If the German trades unions had defended the interests of the working-classes uncompromisingly during the War; if even during the War they had used the weapon of the strike to force the industrialists – who were greedy for higher dividends – to grant the demands of the workers for whom the unions acted; if at the same time they had stood up as good Germans for the defense of the nation as stoutly as for their own claims, and if they had given to their country what was their country’s due – then the War would never have been lost. How ludicrously insignificant would all, and even the greatest, economic concession have been in face of the tremendous importance of such a victory.
For a movement which would restore the German worker to the German people it is therefore absolutely necessary to understand clearly that economic sacrifices must be considered light in such cases, provided of course that they do not go the length of endangering the independence and stability of the national economic system.
(2) The education of the masses along national lines can be carried out only indirectly, by improving their social conditions; for only by such a process can the economic conditions be created which enable everybody to share in the cultural life of the nation.
(3) The nationalization of the broad masses can never be achieved by half-measures – that is to say, by feebly insisting on what is called the objective side of the question – but only by a ruthless and devoted insistence on the one aim which must be achieved.
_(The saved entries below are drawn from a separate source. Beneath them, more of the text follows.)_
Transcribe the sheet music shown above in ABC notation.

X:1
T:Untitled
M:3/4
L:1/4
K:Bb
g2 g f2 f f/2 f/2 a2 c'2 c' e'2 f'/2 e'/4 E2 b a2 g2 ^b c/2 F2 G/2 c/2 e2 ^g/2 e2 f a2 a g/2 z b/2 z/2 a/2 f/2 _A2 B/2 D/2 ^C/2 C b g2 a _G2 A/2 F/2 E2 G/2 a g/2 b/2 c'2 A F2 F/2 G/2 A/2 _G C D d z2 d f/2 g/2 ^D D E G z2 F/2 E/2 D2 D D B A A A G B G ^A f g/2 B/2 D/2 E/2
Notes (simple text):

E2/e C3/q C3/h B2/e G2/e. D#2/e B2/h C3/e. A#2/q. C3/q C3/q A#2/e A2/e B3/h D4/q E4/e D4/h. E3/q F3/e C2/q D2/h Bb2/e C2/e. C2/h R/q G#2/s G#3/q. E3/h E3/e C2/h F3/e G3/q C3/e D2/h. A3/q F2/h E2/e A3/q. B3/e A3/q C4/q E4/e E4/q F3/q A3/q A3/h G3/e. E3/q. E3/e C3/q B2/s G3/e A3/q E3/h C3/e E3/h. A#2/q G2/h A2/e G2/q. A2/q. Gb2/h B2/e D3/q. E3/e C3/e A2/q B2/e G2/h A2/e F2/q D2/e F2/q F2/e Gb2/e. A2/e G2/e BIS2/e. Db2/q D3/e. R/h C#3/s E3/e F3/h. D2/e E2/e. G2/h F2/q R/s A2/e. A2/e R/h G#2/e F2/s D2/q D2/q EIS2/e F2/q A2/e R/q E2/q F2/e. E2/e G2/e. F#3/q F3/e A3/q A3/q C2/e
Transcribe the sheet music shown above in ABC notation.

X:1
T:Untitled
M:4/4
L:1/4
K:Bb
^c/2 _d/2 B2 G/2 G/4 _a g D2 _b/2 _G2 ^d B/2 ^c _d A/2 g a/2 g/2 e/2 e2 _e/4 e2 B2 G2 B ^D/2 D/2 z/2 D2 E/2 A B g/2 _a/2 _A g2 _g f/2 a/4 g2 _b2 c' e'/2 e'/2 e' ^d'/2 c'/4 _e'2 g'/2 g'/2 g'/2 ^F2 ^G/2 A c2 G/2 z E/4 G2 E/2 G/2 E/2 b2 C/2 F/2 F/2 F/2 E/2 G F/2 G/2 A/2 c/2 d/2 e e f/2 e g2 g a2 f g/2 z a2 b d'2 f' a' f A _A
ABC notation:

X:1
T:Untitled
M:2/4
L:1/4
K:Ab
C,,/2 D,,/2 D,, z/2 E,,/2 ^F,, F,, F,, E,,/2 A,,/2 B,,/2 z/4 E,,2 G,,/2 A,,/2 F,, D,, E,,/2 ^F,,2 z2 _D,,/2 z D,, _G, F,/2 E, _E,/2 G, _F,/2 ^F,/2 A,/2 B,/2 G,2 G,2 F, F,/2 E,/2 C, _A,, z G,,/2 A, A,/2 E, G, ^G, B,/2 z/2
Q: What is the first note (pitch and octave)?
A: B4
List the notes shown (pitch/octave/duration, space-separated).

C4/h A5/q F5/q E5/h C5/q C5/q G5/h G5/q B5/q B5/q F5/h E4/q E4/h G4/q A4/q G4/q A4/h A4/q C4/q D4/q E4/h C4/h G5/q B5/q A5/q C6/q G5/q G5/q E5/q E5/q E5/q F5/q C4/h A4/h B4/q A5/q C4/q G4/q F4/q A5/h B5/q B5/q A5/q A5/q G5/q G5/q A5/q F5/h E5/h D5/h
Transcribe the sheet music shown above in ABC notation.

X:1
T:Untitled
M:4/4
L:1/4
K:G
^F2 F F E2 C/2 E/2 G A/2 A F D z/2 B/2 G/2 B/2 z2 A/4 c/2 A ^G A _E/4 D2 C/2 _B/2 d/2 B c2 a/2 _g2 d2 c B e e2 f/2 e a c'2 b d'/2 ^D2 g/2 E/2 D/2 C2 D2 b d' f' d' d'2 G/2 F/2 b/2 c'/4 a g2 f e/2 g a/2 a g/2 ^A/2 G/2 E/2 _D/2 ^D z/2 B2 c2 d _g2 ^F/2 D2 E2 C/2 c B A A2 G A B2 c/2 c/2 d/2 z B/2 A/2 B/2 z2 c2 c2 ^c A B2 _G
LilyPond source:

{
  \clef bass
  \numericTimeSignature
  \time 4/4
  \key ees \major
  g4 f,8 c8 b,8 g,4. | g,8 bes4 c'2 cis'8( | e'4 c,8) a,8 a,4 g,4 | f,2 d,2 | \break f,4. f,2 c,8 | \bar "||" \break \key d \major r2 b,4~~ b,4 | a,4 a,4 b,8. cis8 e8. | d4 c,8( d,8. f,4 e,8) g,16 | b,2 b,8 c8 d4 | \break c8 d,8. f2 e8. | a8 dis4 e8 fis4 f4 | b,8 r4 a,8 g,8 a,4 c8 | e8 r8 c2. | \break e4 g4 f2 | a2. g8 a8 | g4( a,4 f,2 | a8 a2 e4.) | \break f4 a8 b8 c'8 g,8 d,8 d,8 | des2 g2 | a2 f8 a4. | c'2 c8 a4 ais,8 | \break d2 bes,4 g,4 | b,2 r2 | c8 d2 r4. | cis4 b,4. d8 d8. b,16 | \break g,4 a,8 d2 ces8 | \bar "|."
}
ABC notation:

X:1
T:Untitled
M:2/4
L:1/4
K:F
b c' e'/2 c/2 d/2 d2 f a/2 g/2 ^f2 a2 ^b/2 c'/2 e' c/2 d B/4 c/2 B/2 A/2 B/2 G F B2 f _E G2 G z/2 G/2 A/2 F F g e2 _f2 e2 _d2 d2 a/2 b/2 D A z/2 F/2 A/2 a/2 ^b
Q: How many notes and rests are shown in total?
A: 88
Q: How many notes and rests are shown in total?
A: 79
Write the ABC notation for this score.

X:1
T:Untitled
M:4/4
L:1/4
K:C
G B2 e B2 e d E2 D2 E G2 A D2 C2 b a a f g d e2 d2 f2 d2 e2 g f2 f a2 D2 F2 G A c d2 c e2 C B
This means that a people cannot be made ‘national’ according to the signification attached to that word by our bourgeois class to-day – that is to say, nationalism with many reservations – but national in the vehement and extreme sense. Poison can be overcome only by a counter-poison, and only the supine bourgeois mind could think that the Kingdom of Heaven can be attained by a compromise.
The broad masses of a nation are not made up of professors and diplomats. Since these masses have only a poor acquaintance with abstract ideas, their reactions lie more in the domain of the feelings, where the roots of their positive as well as their negative attitudes are implanted. They are susceptible only to a manifestation of strength which comes definitely either from the positive or negative side, but they are never susceptible to any half-hearted attitude that wavers between one pole and the other. The emotional grounds of their attitude furnish the reason for their extraordinary stability. It is always more difficult to fight successfully against Faith than against knowledge. Love is less subject to change than respect. Hatred is more lasting than mere aversion. And the driving force which has brought about the most tremendous revolutions on this earth has never been a body of scientific teaching which has gained power over the masses, but always a devotion which has inspired them, and often a kind of hysteria which has urged them to action.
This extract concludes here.